Information provided ->
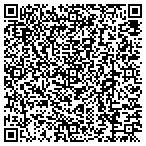 QR code with Varveris Michael P MD contacts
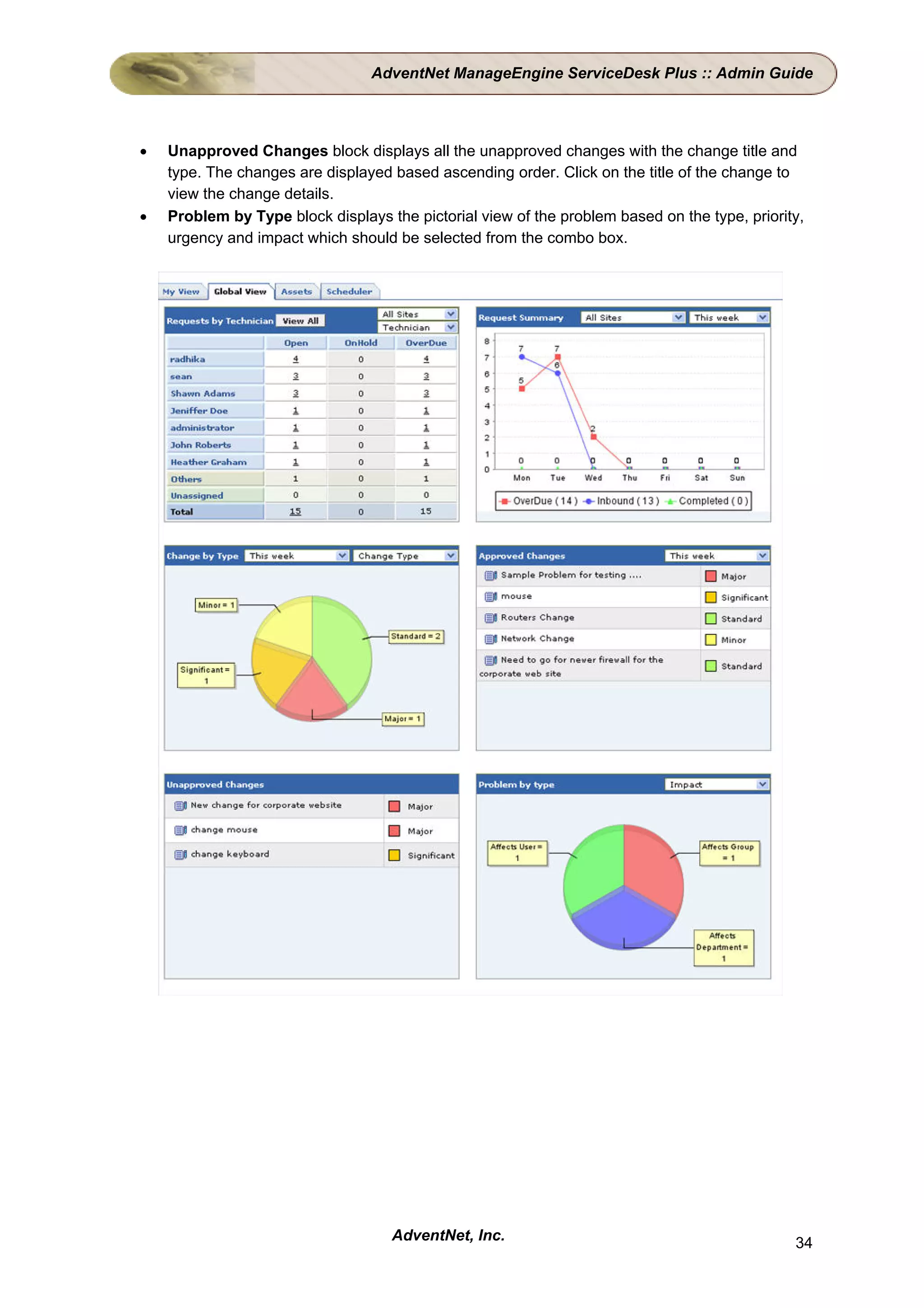 AdventNet ManageEngine ServiceDesk Plus :: Admin Guide



•   Unapproved Changes block displays all the unapproved changes with the change title and
    type. The changes are displayed based ascending order. Click on the title of the change to
    view the change details.
•   Problem by Type block displays the pictorial view of the problem based on the type, priority,
    urgency and impact which should be selected from the combo box.




                                    AdventNet, Inc.                                            34
 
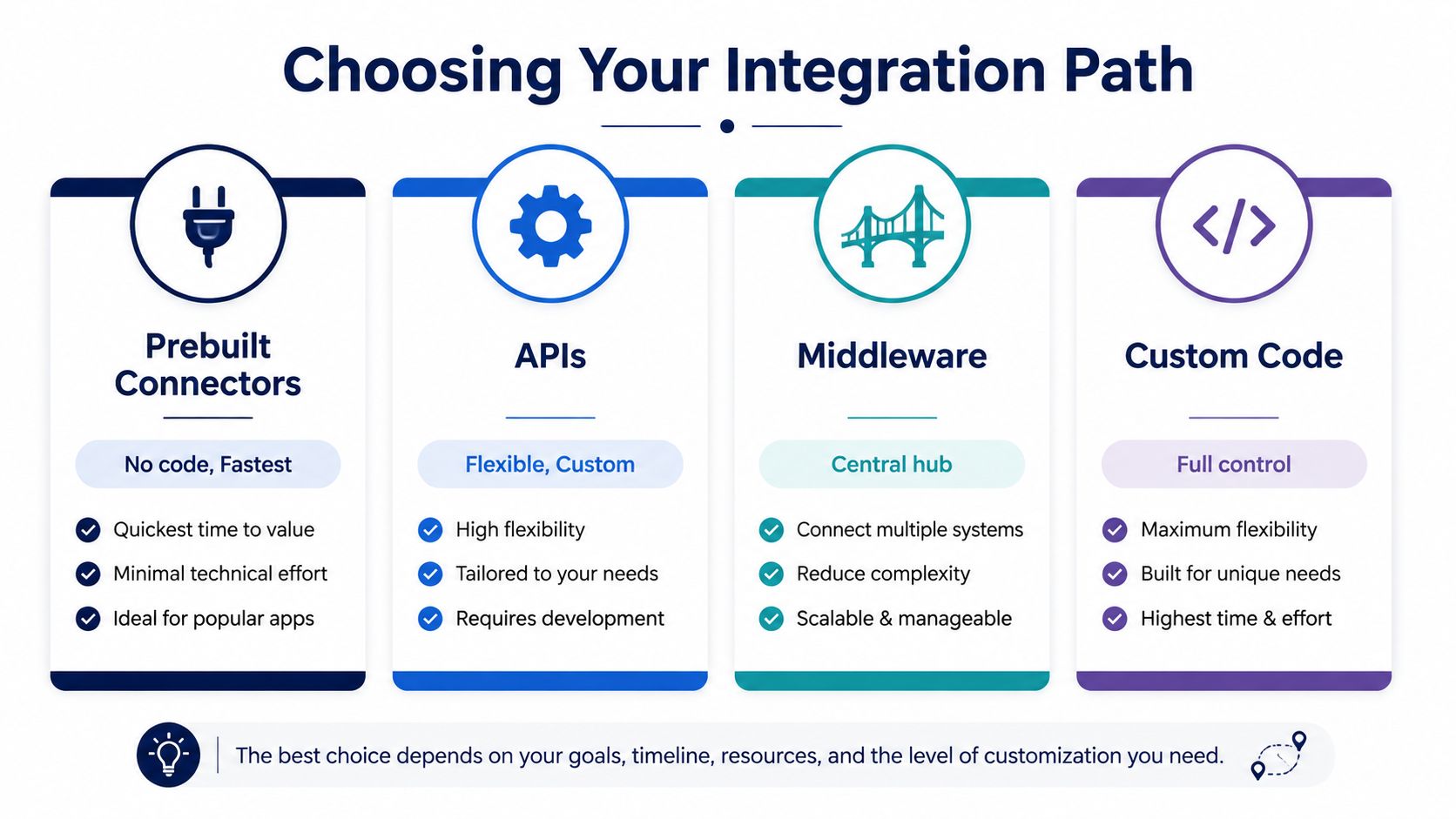 An infographic showing four integration paths: Prebuilt Connectors, APIs, Middleware, and Custom Code with their key features.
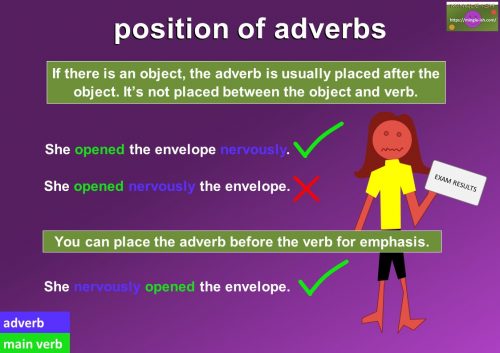 adverbs of manner - position in sentence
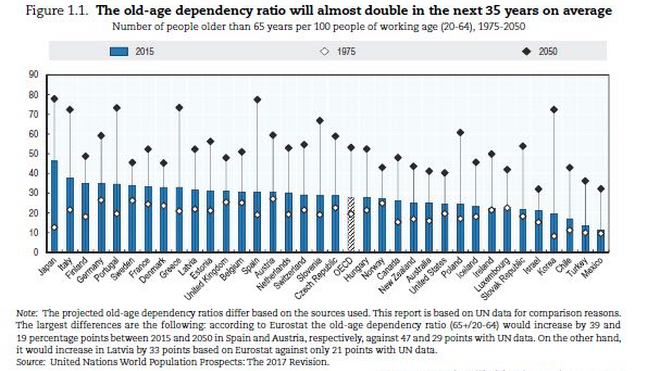 El ratio de dependencia se duplicará en los próximos años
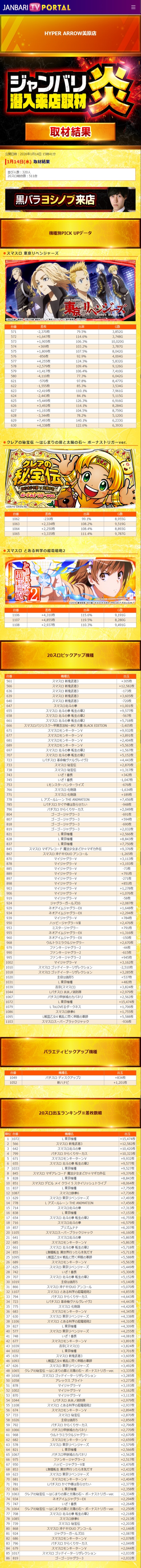 1.14 ハイパーアロー美原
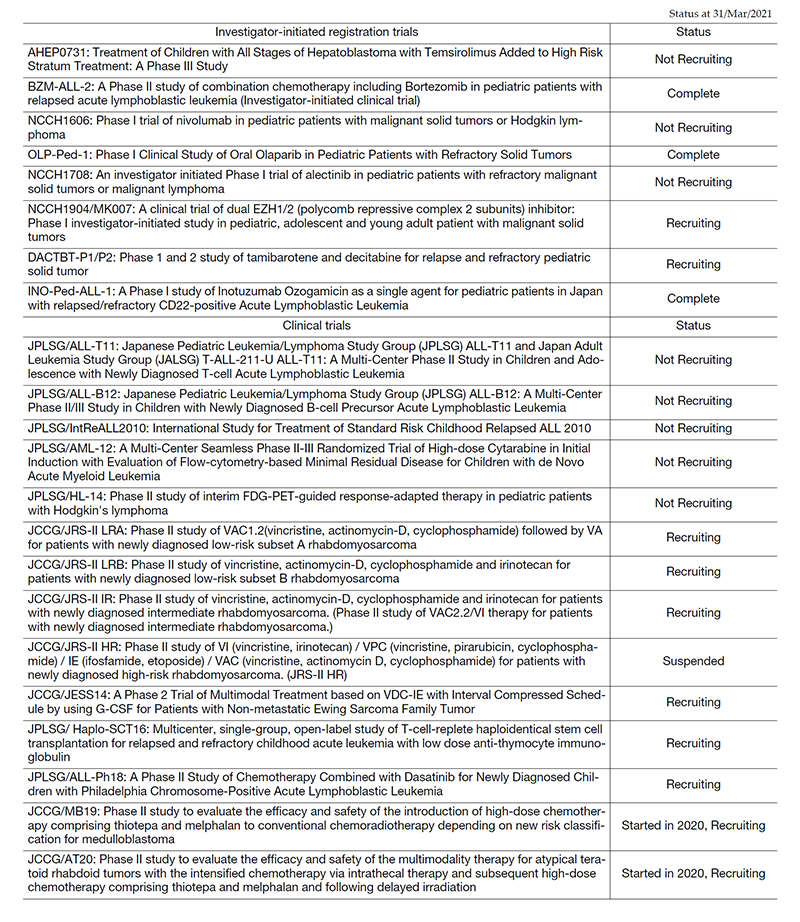 Table 2. Clinical trials 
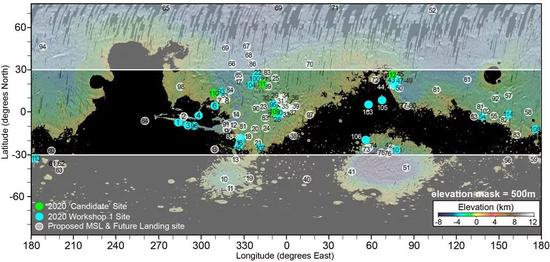 最开始提出的所有候选着陆点 |&nbsp;Science Definition report （Mustard et al， 2013）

To do -> Please find the lines in the data that contain the word "changes" and copy them.

Output below ->
•   Unapproved Changes block displays all the unapproved changes with the change title and
    type. The changes are displayed based ascending order. Click on the title of the change to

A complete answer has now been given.